Hard Reset Causing Database Corruption on iOS
(1.1) By Jim Borden (borrrden) on 2022-05-19 21:51:06 edited from 1.0 [source]
For the past few days I've been chasing down a third party report of database corruption with no success. SQLite is being used via Couchbase Lite Xamarin iOS on an iPhone 6S+ with iOS 13.5.1. I tried to follow what the third party report claimed to be doing, with no success, until on a hunch I decided to do a hard reset (hold home and power until the device abruptly powers off) to simulate perhaps a kernel panic, OS crash, or potentially faulty out of battery handling. The database corruption happened on the first try of this (though further attempts have not happened on the first try, that was just luck).
At first I thought it could be due to memory mapping, as Couchbase Lite faced a similar issue back in late 2016 on Mac OS X (which obviously shares the Darwin kernel). However, after disabling mmap_size the corruption happened again after 4 hard reset cycles. I also tried PRAGMA synchronous=FULL
but no luck with that either, 5 reset cycles caused another corruption.
To be clear, the first thing that the long running test suite does is run PRAGMA integrity_check
and so any corruption is detected pretty early on with minimal interaction from Couchbase Lite (probably simply running a few pragmas and checking the user version). The damage is extensive with dozens of lines reporting bTreeInitPage
failures. Running showdb pgidx
on the database file we received from the third party also shows dozens if not hundreds of invalid page numbers and such. So I would guess it is something off with filesystem sync. I will note that when I enabled PRAGMA fullfsync = ON
that the problem either goes away or becomes much less likely to be hit. I tried full fsync (which appears to now be available on iOS, or maybe it always was) both with and without mmap_size and both survived 10 hard reset loops.
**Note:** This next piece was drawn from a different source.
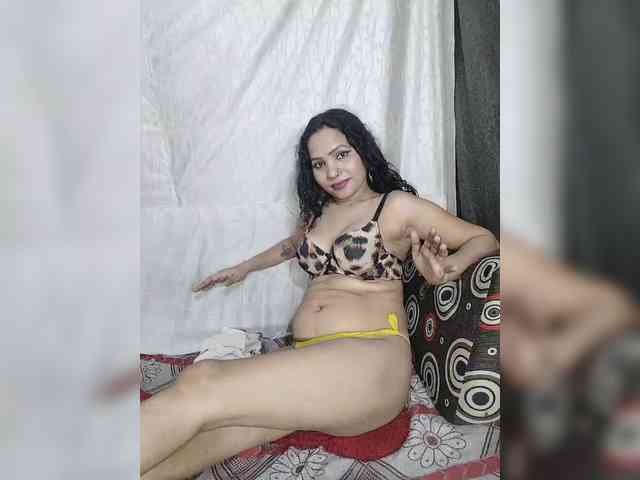Khushi-wow webcam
The reason I am writing this is just to bring awareness to these findings in case they are useful, and to ask if there is something else I should try. fullfsync obviously has a very significant performance impact for an issue that has occurred very rarely (if this is not the only third party report, it is one of two that we have received in the better part of a decade).
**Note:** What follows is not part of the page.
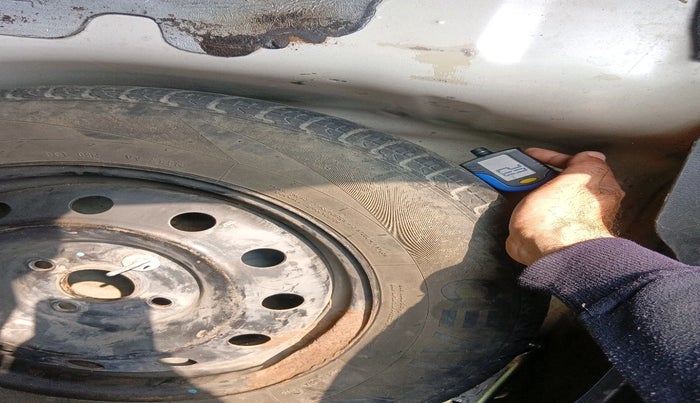 2017 Maruti Swift Dzire VXI, Petrol, Manual, 76,497 km, tyre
(2) By Simon Slavin (slavin) on 2022-05-19 05:58:13 in reply to 1.0 [link] [source]
What are you (or apparently Couchbase) using to execute SQLite commands ? Are you calling the SQLite C API, or using a shim for another language, or using a full third-party SQLite library ?
(8.2) By Jim Borden (borrrden) on 2022-05-19 22:02:26 edited from 8.1 in reply to 2 [link] [source]
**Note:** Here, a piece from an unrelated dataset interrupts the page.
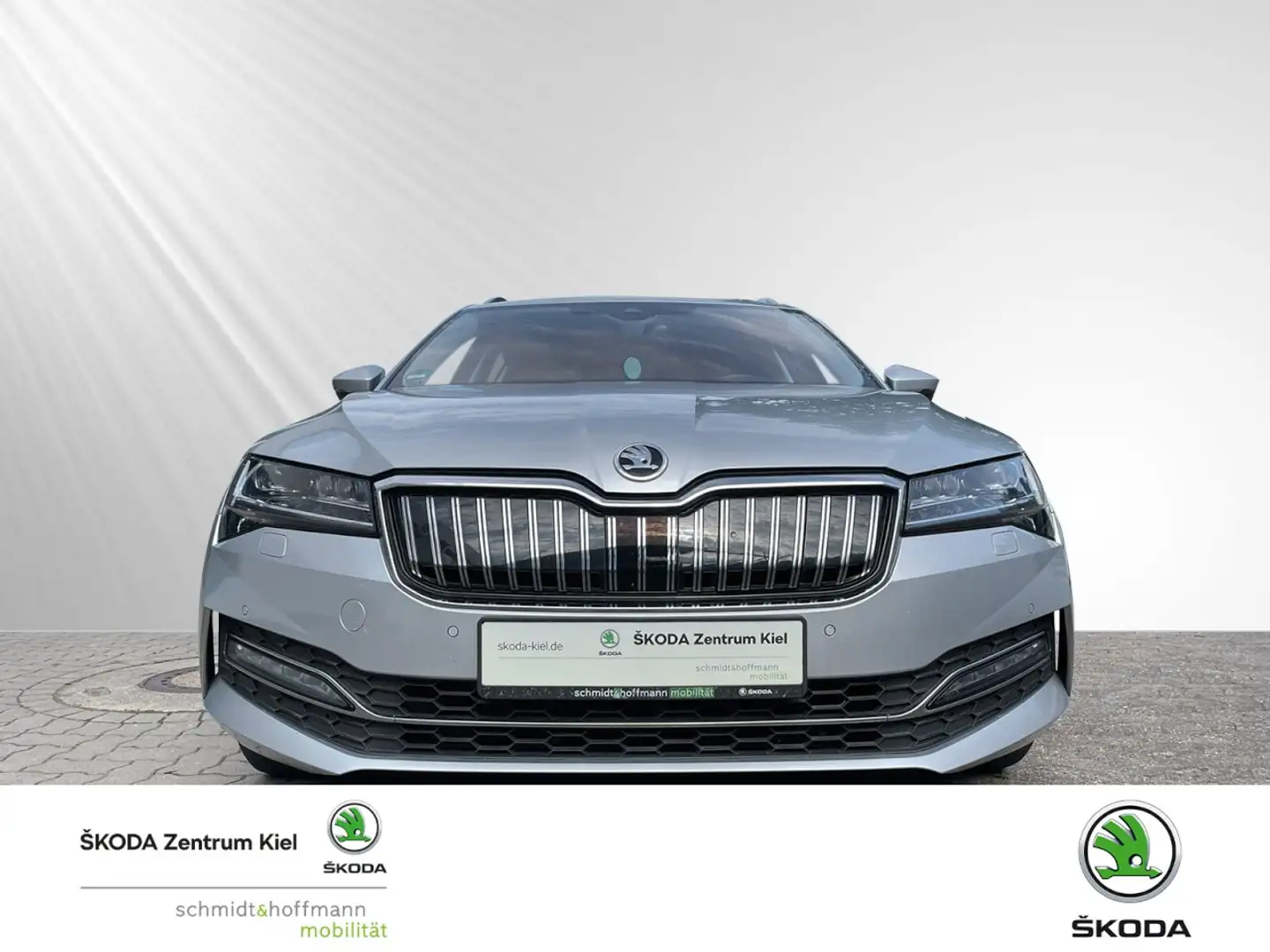 Skoda Superb Combi 1.4 TSI Style iV (EURO 6d) Klima Navi Leder Silber - 2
We use SQLiteCpp which is basically RIIA thin class wrappers around SQLite calls. I totally was not clear that I am posting on behalf of Couchbase and we received the report from a developer of an app using our library, which received a report from one of their users.
(3) By Donal Fellows (dkfellows) on 2022-05-19 08:22:21 in reply to 1.0 [link] [source]
I will note that when I enabled
PRAGMA fullfsync = ON
that the problem either goes away or becomes much less likely to be hit.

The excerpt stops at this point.